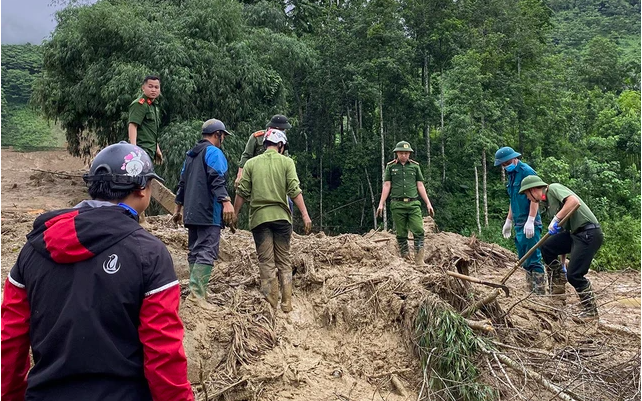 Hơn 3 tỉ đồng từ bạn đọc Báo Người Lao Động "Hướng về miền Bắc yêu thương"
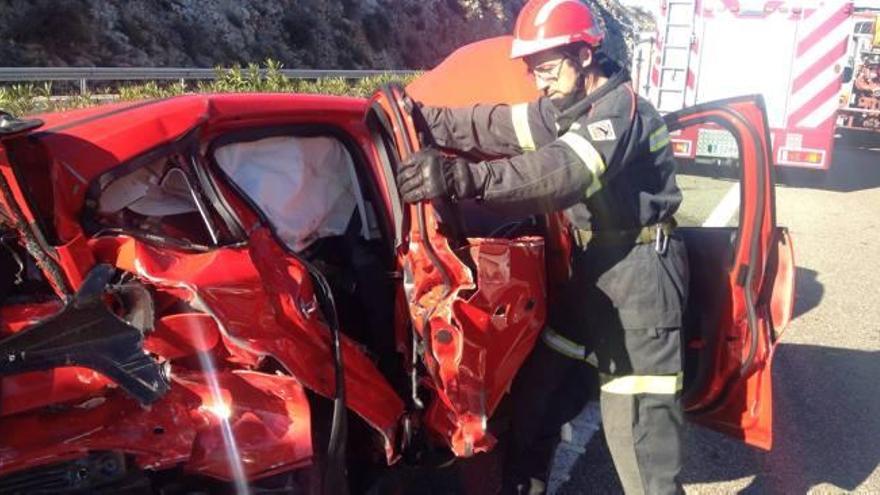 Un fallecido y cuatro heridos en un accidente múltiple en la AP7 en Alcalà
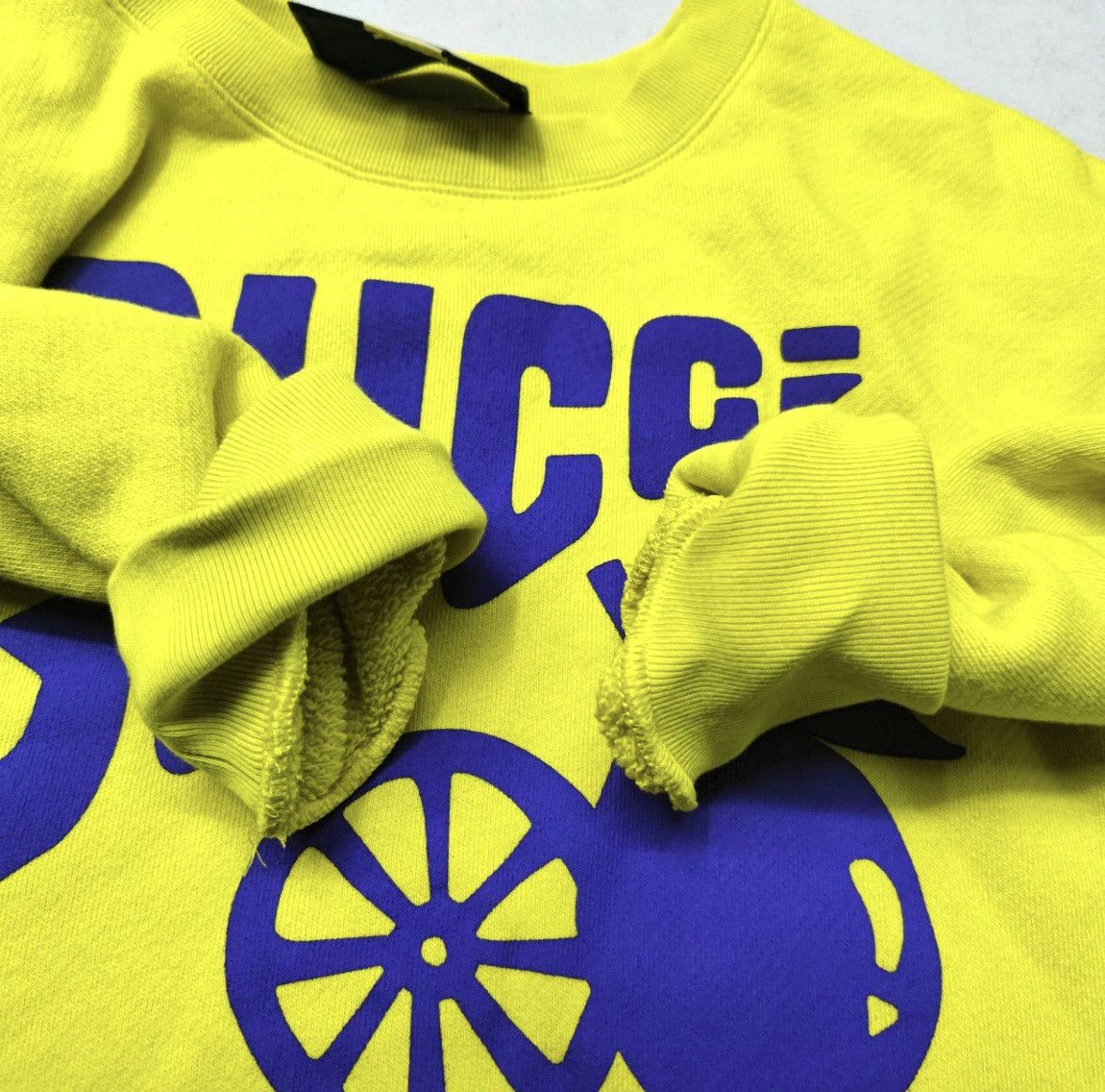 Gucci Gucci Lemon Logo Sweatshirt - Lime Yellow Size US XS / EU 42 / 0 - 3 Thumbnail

### Task to complete
Please give back every line above exactly as it stands, without pictures.

### Exercise result
 Hơn 3 tỉ đồng từ bạn đọc Báo Người Lao Động "Hướng về miền Bắc yêu thương"
 Un fallecido y cuatro heridos en un accidente múltiple en la AP7 en Alcalà
 Gucci Gucci Lemon Logo Sweatshirt - Lime Yellow Size US XS / EU 42 / 0 - 3 Thumbnail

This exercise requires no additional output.